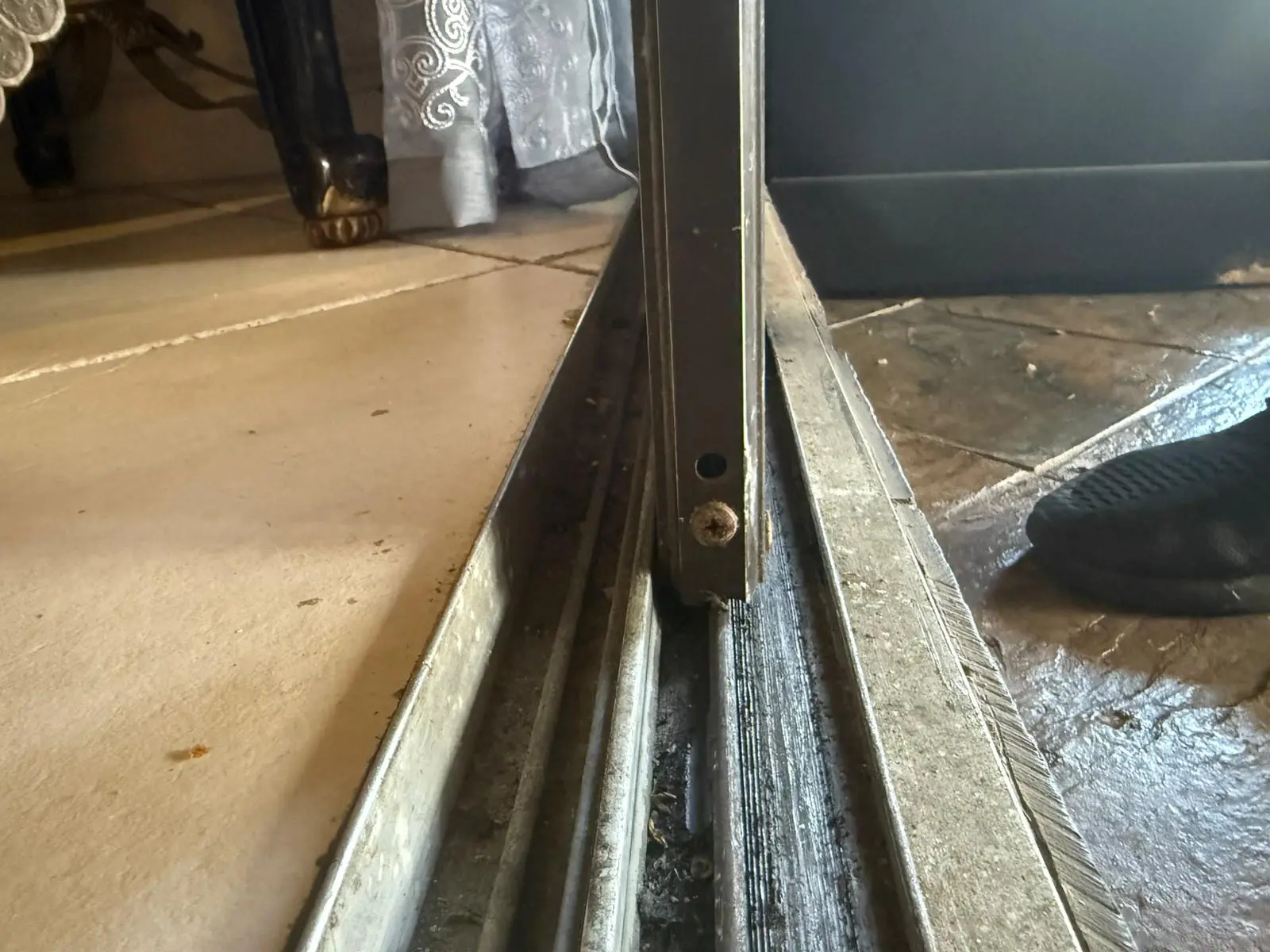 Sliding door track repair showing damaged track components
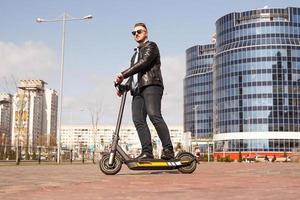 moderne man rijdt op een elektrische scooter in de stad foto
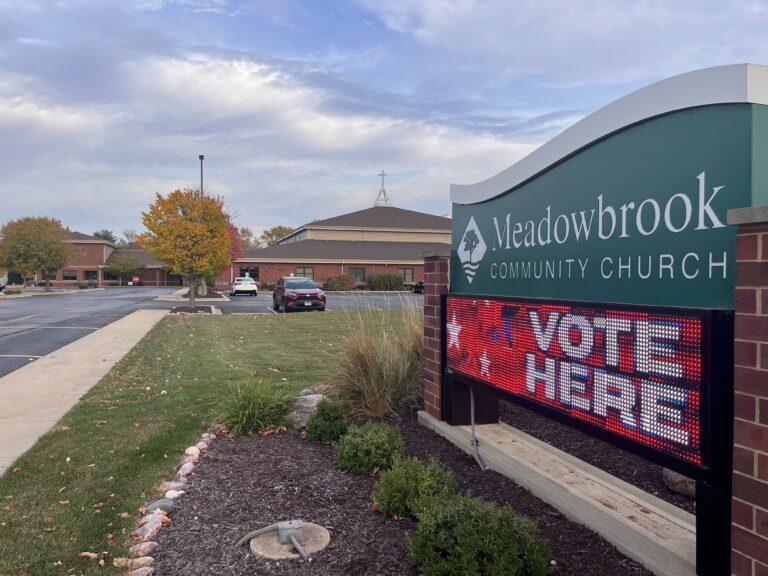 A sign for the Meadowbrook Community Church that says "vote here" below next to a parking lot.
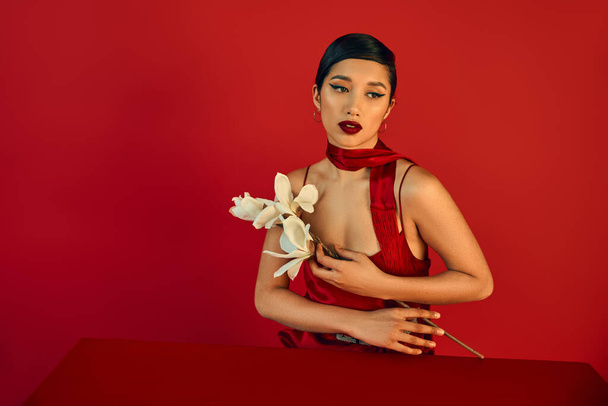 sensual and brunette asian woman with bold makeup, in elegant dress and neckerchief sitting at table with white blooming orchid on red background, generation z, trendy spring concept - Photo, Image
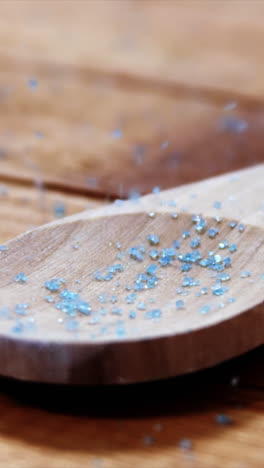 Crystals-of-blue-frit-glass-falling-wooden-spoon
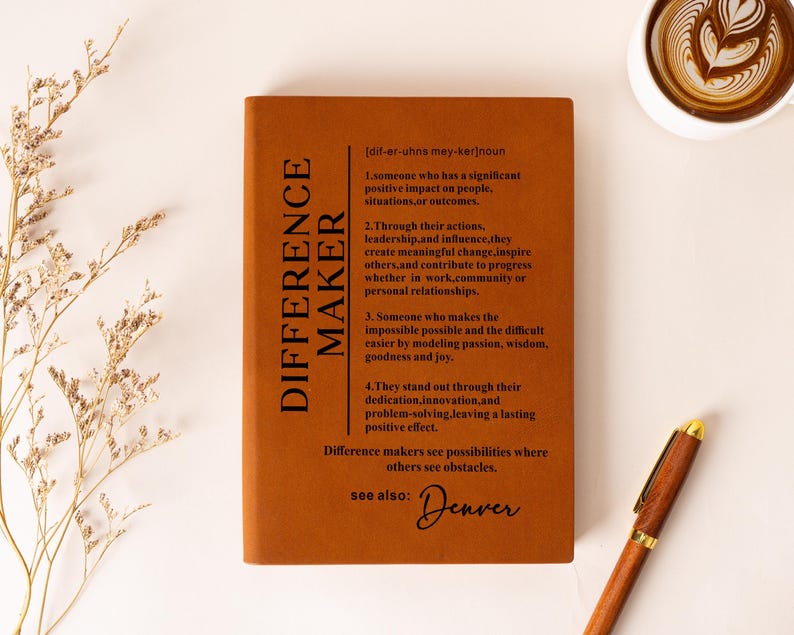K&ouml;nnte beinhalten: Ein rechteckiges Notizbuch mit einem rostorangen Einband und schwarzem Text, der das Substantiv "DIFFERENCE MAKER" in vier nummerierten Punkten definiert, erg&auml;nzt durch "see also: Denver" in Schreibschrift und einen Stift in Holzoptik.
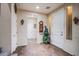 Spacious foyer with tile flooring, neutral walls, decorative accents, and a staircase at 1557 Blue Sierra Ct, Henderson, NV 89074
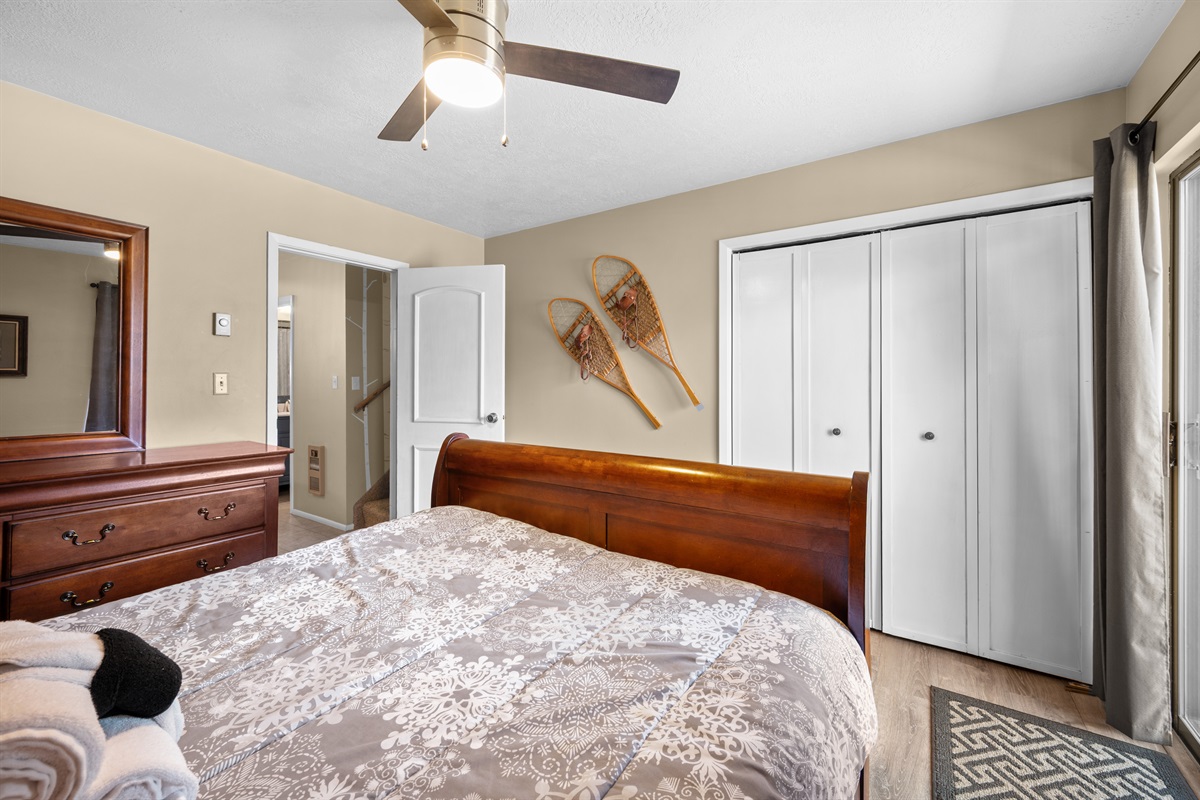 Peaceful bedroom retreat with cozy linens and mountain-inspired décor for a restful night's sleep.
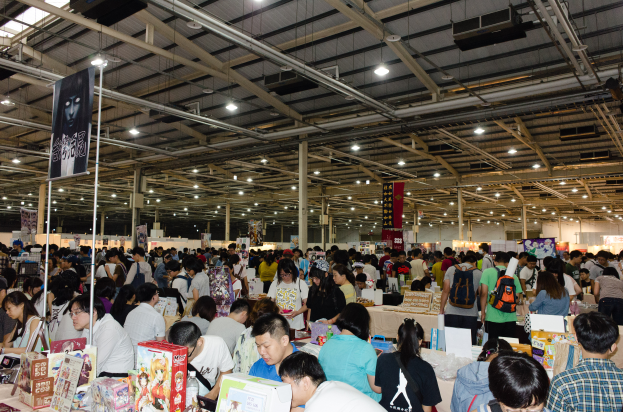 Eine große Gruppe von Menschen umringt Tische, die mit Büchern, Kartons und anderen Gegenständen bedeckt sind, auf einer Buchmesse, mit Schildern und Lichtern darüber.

==

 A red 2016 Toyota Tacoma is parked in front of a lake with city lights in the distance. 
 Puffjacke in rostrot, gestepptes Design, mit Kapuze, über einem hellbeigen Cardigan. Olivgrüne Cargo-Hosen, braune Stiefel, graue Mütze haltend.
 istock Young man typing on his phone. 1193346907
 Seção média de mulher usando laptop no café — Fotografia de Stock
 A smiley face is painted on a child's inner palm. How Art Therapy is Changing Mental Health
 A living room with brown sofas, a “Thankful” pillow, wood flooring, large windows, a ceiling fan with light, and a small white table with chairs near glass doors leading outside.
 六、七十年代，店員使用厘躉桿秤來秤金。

WORK ITEM: Keep to the stretch from the line containing "Sliding door track" through the line containing "A sign for the", both ends included, and copy it exactly from the listing above, minus the pictures.

EXPECTED ANSWER:
 Sliding door track repair showing damaged track components
 moderne man rijdt op een elektrische scooter in de stad foto
 A sign for the Meadowbrook Community Church that says "vote here" below next to a parking lot.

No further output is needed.